Adopting healthy living practices called key to tackling diabetes

Diabetes is a significant threat to public health in Myanmar.
According to the World Health Organization, an estimated over 463 million people in the world suffer from diabetes in 2020. An estimated over 4.2 million deaths were caused by diabetes every year.
The STEPS Survey conducted by WHO in 2014 on the prevalence of diabetes in Myanmar reported that prevalence of diabetes in our country is 10.5% for the adult population aged between 15 and 64 years, with 19.7 per cent deaths.
Cases of chronic diseases, such as hypertension and diabetes, are increasingly being diagnosed in Myanmar, according to research findings.
There are over 10,000 community clinics in regions and states providing free test for diabetes and hypertension every Wednesday.

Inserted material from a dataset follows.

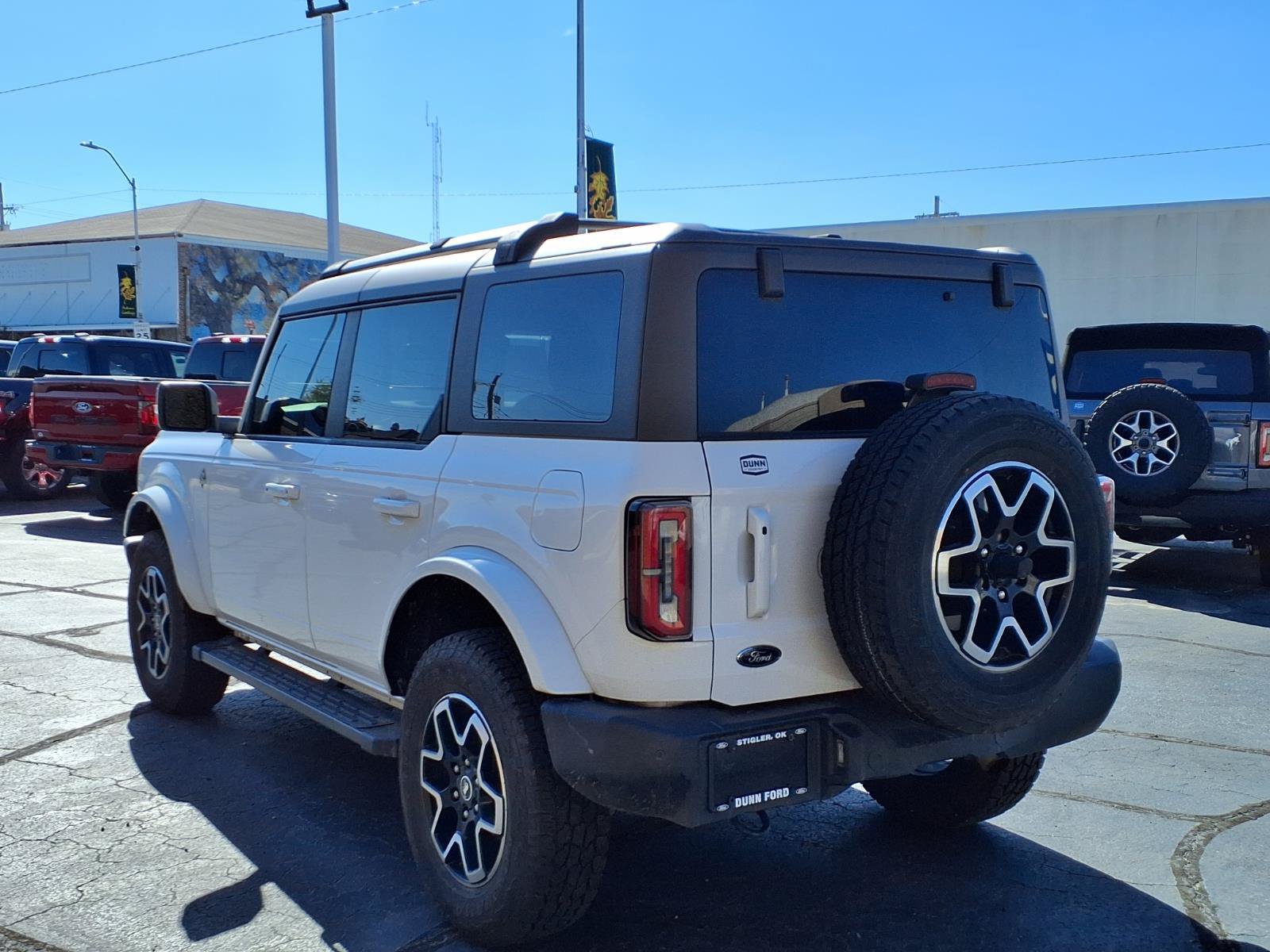 Used 2023 Ford Bronco Outer Banks AWD/4WD image 16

From May, 2017 to June, 2020, the clinics diagnosed over 40,000 diabetes cases and over 88,000 hypertension cases after testing over 3.2 million people nationwide.

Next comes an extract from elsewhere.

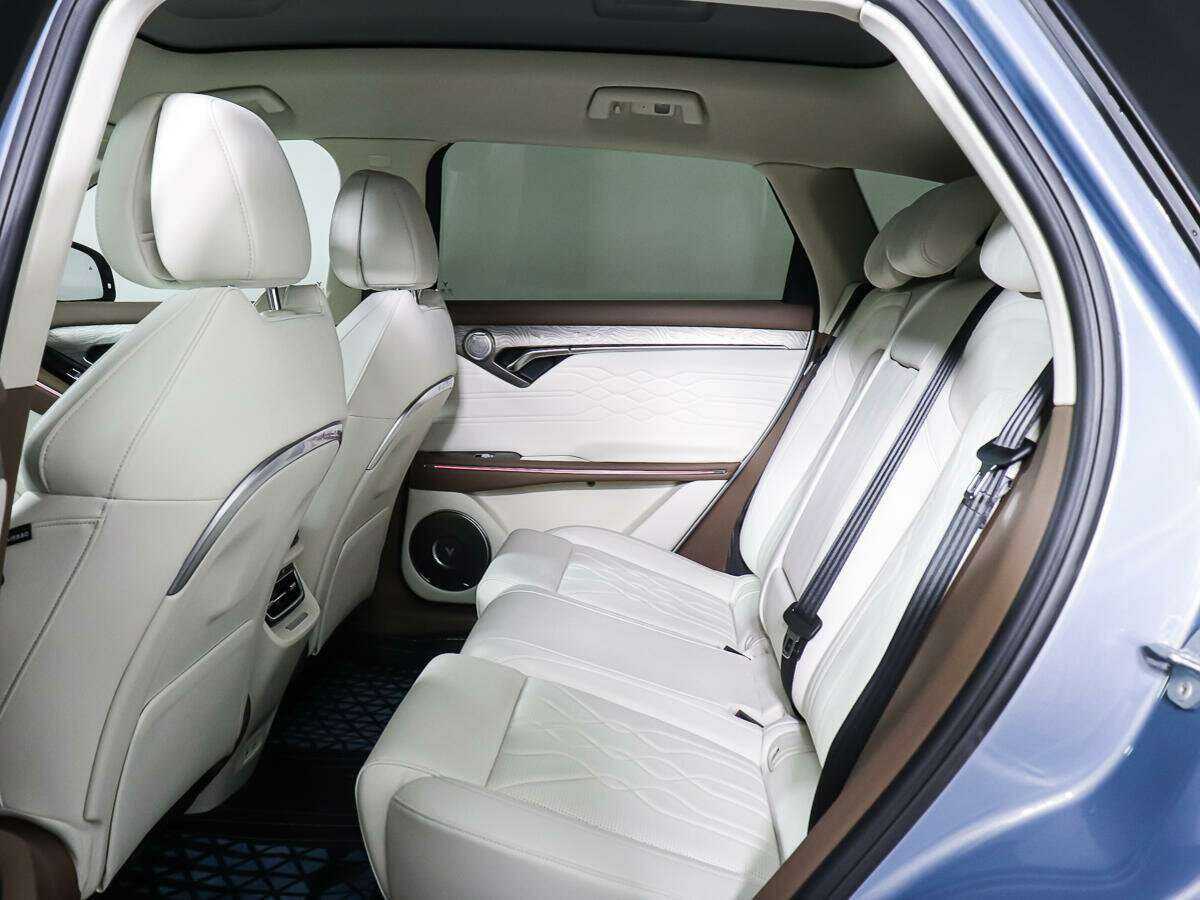 Voyah Free с пробегом — 2022 год. Фото: #9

The COVID-19 virus is potentially deadly, especially for the elderly and those with chronic diseases. In Myanmar, about 94 per cent of the people who died of coronavirus infection have chronic diseases. Of the deaths, 24 per cent are found with diabetes, 30 per cent with hypertension and 19 per cent with both diabetes and hypertension.
Hence, the role of the public health department and its health professional support staff is crucial in fighting non-communicable diseases such as diabetes.

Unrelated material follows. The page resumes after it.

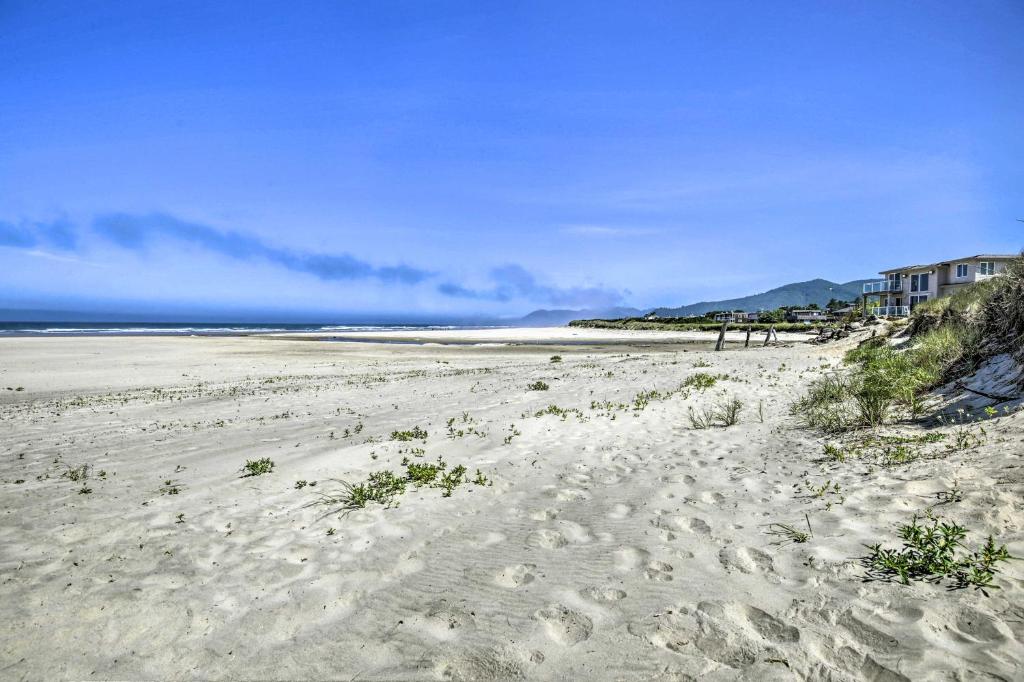 Oceanview Rockaway Beach Condo with Deck and Gas Grill - image 3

Besides, we must strengthen current efforts to ensure the delivery of public health care, because if public health services provide good care, then people will need treatment less frequently at the hospital.
Also, the fewer the number of patients at the hospital, the greater will be the quality of medical care that could be given to each patient in the hospital.
Also, it was found that healthy living practices were rarely practiced among the public. Instead, smoking, chewing betel quid, drinking liquor and other habits which can harm health, are widely seen among the general public.
When it comes to disease prevention through physical activity and fitness, there is weakness in providing all families with access to educational resources on diabetes.
This can be done via social and behavioral change campaigns that highlight the family unit’s role as a first line of defense. This is particularly important given most diabetes cases are type 2, meaning they can be avoided by healthy eating habits and adequate physical activity.
Hence, apart from the strategy to combat the COVID-19 pandemic, ways should be found to enforce the current response to COVID-19 to ensure that no one is left behind in receiving proper health care, amidst the ongoing pandemic.